Photo : Shooting Studio

    While film schools have been established primarily in advanced nations that realized the importance of film media as an industry, for various reasons this matter hasn't been given sufficient thought here in Japan.

    It is a well-known fact that the establishment of film schools and measures for promotion has been emphasized in various Asian countries over the past decades, as a result of which Asia has produced an array of flourishing creators that have come to represent a totally new type of Asian talent on the international stage.
    The Graduate School of Film and New Media is an autonomous graduate college without undergraduate course, offering masters and doctoral programs. Following the initial establishment of the Department of Film Production (2005), the Department of New Media and the Doctoral Program, the Department of Animation was added in 2008.

    Film is a creator that spins contemporary stories out of images instead of words, functioning at the same time as a narrator who tells these stories. It is a vehicle for stories about the things to come, communicated on a level beyond language barriers. In its quality as a storyteller, film is often compared to literature, but the new expressive medium of visuals has in fact much greater propagation ability than words.
    Animation is commonly considered as an extension of pictorial art. However, it is elemental to understand that there is a huge difference between painting, which has its raison d'etre in its motionlessness, and animation with its additional notion of time based on motion.
    There is always the possibility, though, that the alluringly new world of artistic expression through film media gets so enslaved by the newness of the rapidly evolving media technology, that it loses sight of the basics of artistic expression.

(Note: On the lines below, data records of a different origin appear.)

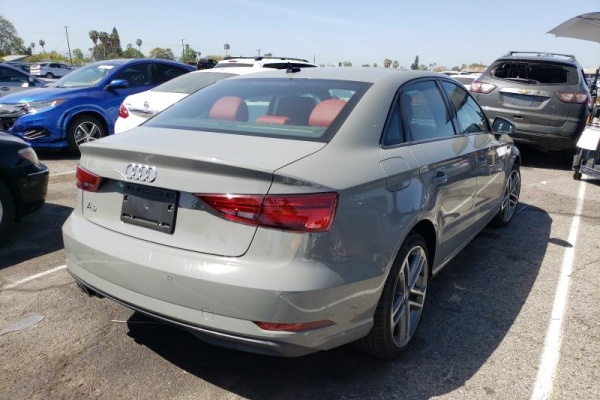 фото Audi A3 Premium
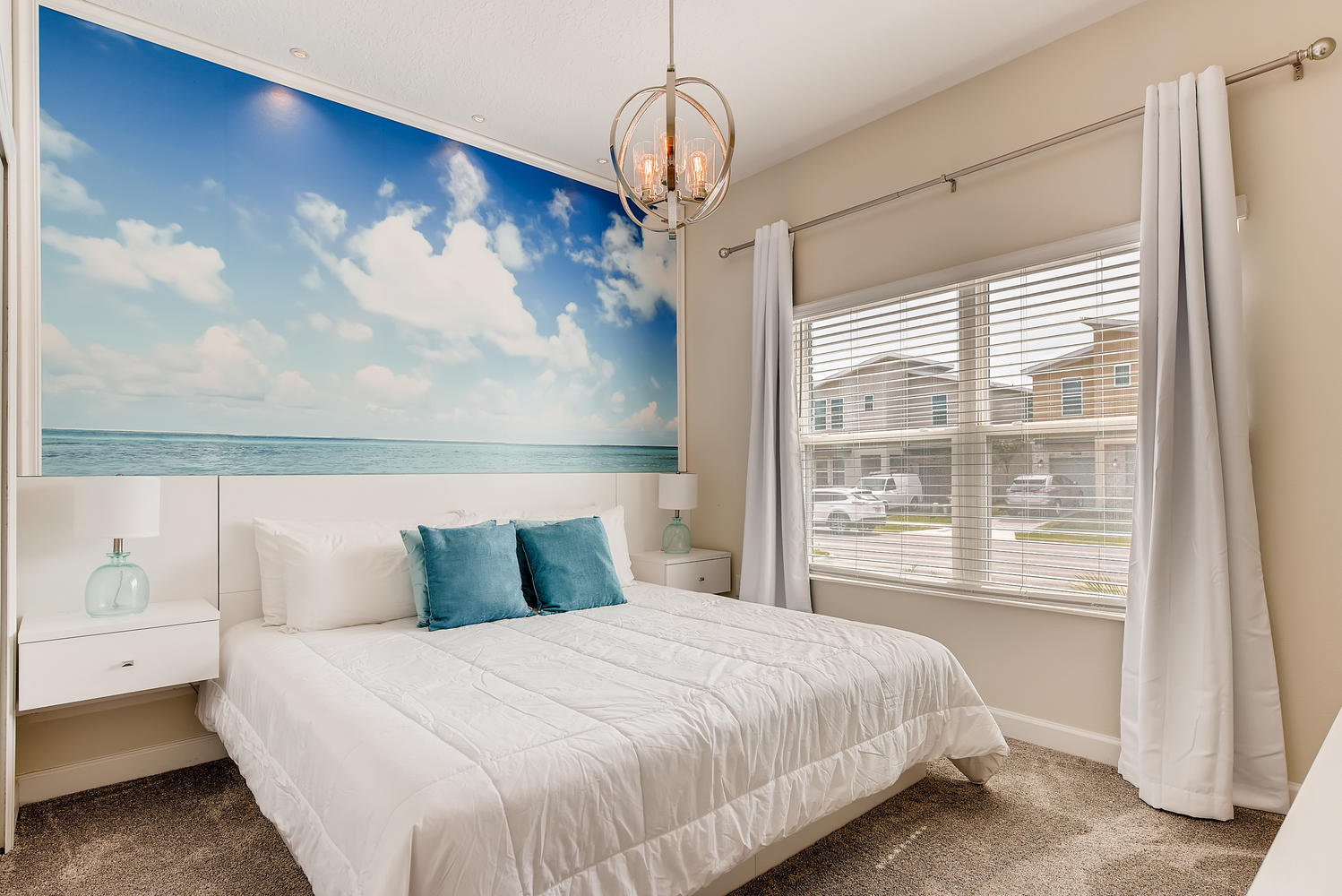 Davenport Vacation Rental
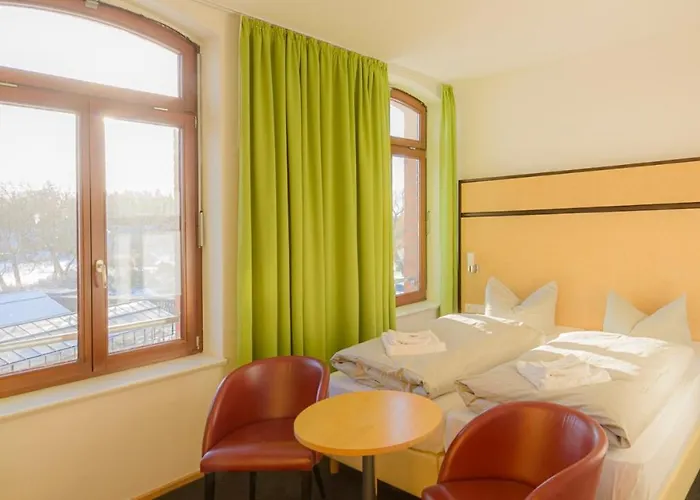 Am Tiefwarensee 3* Waren (Mueritz)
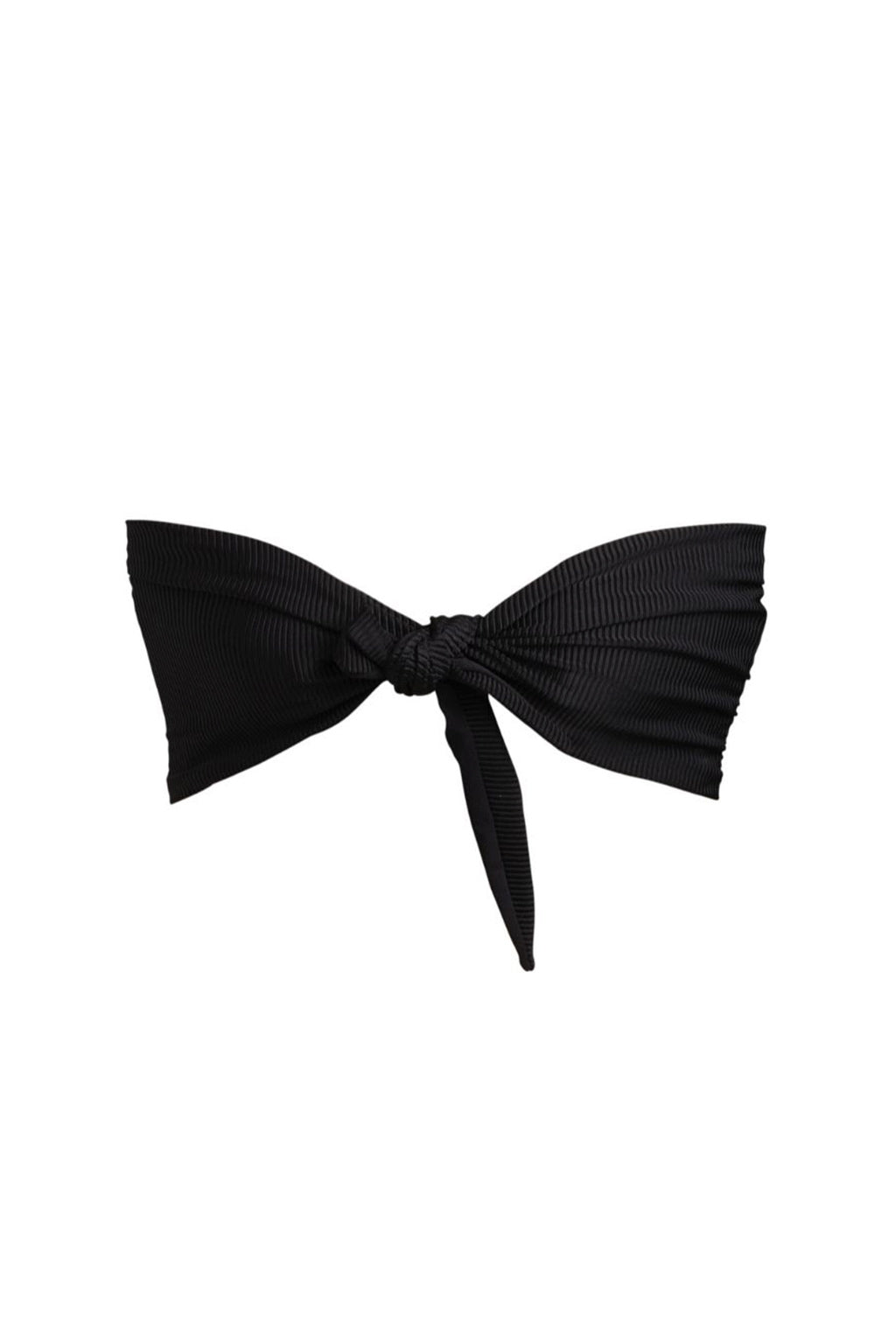 Kaia Top in Black, ÔNNE swimwear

    The Japanese bunka, referring to education, and reading and writing skills, is a translation of the English term "culture". As we can understand from the existence of such expressions as "agriculture", the term's meaning includes a rather essential notion of "cultivation". It would be fair to say that art and culture fulfill an important role in social cultivation.
    The nature of artistic expression lies in human beings instinctive resistance against "loneliness". We can perhaps interpret communication as a way of sharing that "loneliness" with others. To nurture outstanding artists means to encourage those individuals to face that "loneliness", and give them the confidence to sublimate it into artistic expression. In this sense, it is our wish that students "cultivate" themselves while enrolled at the graduate school, by exploring the depths of human nature through self-expression.
    In an ideal world, that would mean for us that individual occurrences of artistic expression are transmitted to society via new media.